What makes this architecture work is understanding bash's sweet spot. For I/O-bound operations (HTTP requests, network connections, DNS queries), bash's background job control provides embarrassingly parallel execution without threading complexity. The script never needs to parse complex data structures or perform CPU-intensive computation—it delegates those tasks to grep, sed, and external tools. The entire workflow stays in bash's wheelhouse: orchestrating external processes and manipulating text streams.

Gotcha

Yotter's linear architecture becomes a liability the moment something fails. There's no checkpoint system, no resume capability, no structured logging. If the script crashes during the port scanning phase after spending twenty minutes on subdomain enumeration, you start from scratch. The passive intelligence sources are hardcoded without fallback mechanisms—if pkey.in rate-limits your IP or hackertarget.com changes its API response format, those enumeration paths silently fail, and you won't notice until you analyze suspiciously sparse results.

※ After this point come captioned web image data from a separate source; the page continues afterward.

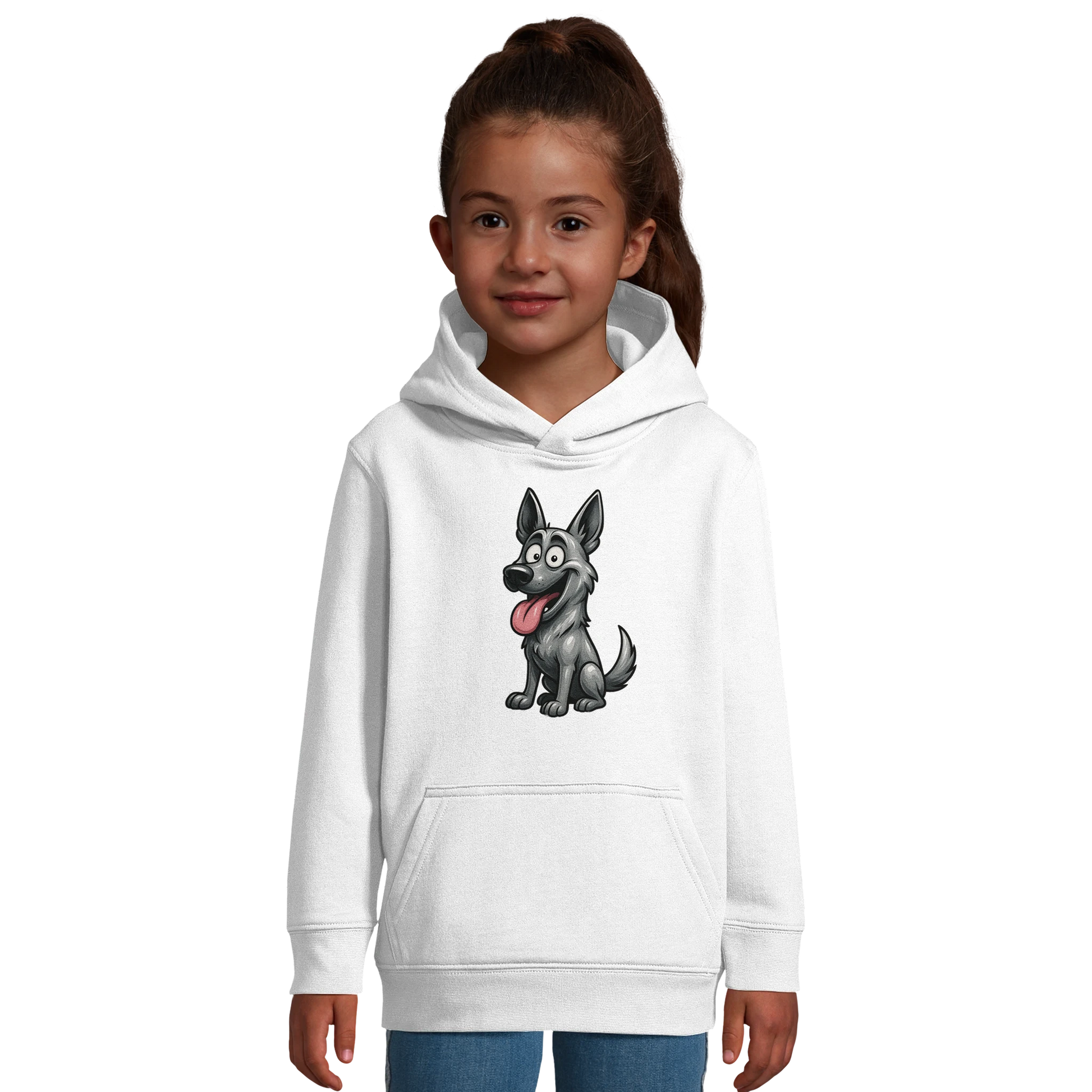 Sweat-shirt à capuche enfant blanc Malinois humour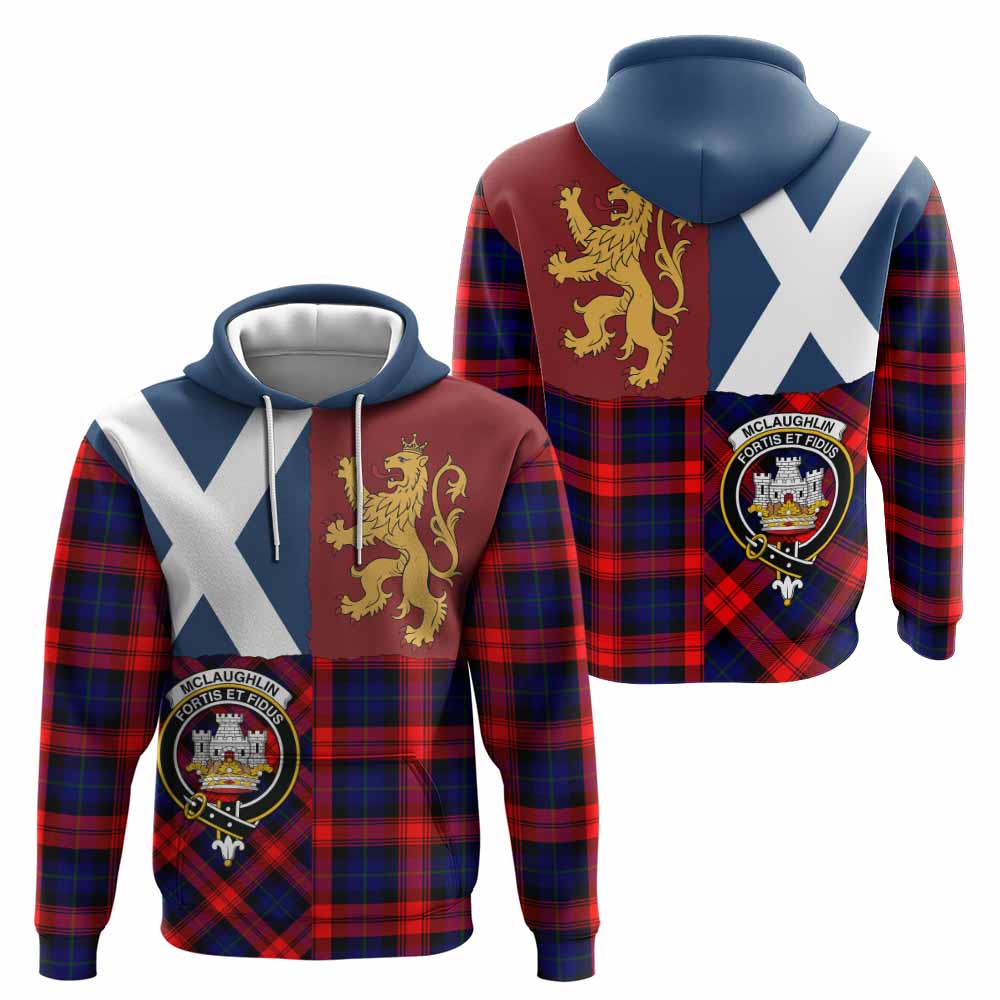 McLaughlin Crest Tartan Hoodie with Lion Rampant Saltire Style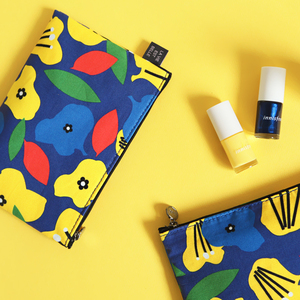 LVEB Pochette à cosmétiques bleu bohème avec fermeture à glissière Style sac - Product Image 1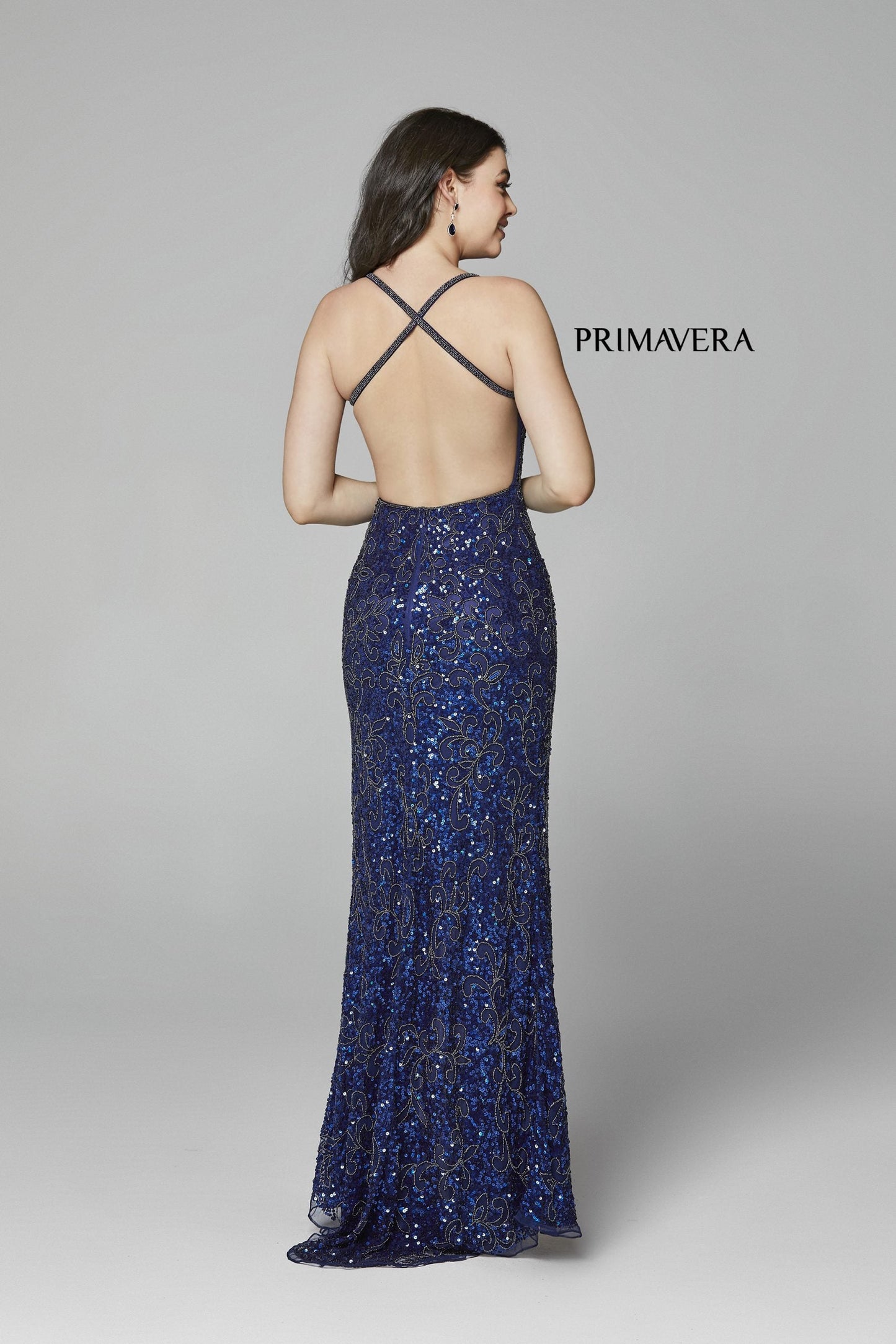 Primavera Couture 3295 Size 2 Neon Lilac Prom Dress V Neckline Sequins Backless Slit Formal Evening Gown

The aggressive scanning approach makes Yotter unsuitable for anything requiring operational security. Every subdomain brute-force attempt, every port scan, every dirb request generates logs on target systems. Blue teams with basic monitoring will spot this activity immediately. There's no jitter in timing, no user-agent rotation, no request throttling—it's the reconnaissance equivalent of kicking down every door in a building while shouting. For red team engagements or assessments against mature security operations, this noise profile is disqualifying. Additionally, the hard dependency on external passive sources means you're leaking target information to third parties (pkey.in, hackertarget.com, virustotal.com), which violates most professional engagement scopes and bug bounty program rules that prohibit unauthorized information sharing.

Verdict

Use if: You need immediate reconnaissance results without installation overhead (CTF competitions, quick bug bounty triage, environments where you can't install custom tooling), you're assessing internal networks where stealth isn't required and you want a self-contained script that runs on any Linux system with netcat, or you're learning reconnaissance workflows and want readable bash code that demonstrates chaining enumeration techniques. Skip if: You need operational security and evasion capabilities for professional red team engagements, you're conducting large-scale assessments requiring result persistence, error recovery, and structured output for reporting, you need modern API integrations with services like Censys, Shodan, or SecurityTrails, or you require comprehensive coverage over speed—mature frameworks like Amass provide better passive source diversity and DNS resolution accuracy at the cost of setup complexity.